**Exercise details**
Include the line containing "Seventy Barchetta - Dames" and every line after it up to the end of the material below; reproduce them exactly and drop the pictures.

Start of Information provided

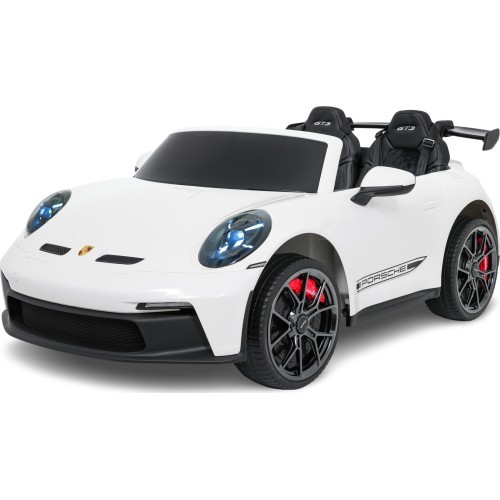 Elektromobilis Porsche 911 GT3, balts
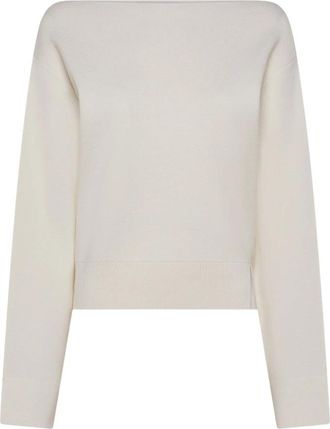 Seventy Barchetta - Dames - Ronde hals truien - Wit - XS - Wol - Truien & Vesten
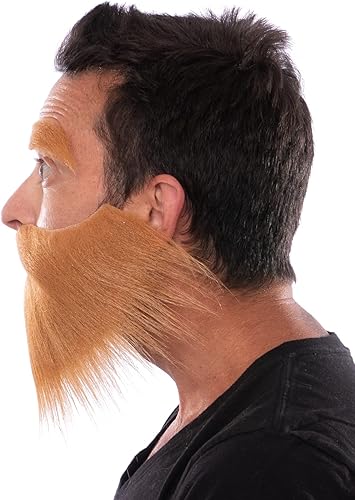 Miniatura 7 de Barba falsa, bigote falso y cejas falsas, disfraz realista novedoso con autoadhesivo fácil de aplicar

End of Information provided

**Exercise output**
 Seventy Barchetta - Dames - Ronde hals truien - Wit - XS - Wol - Truien & Vesten
 Miniatura 7 de Barba falsa, bigote falso y cejas falsas, disfraz realista novedoso con autoadhesivo fácil de aplicar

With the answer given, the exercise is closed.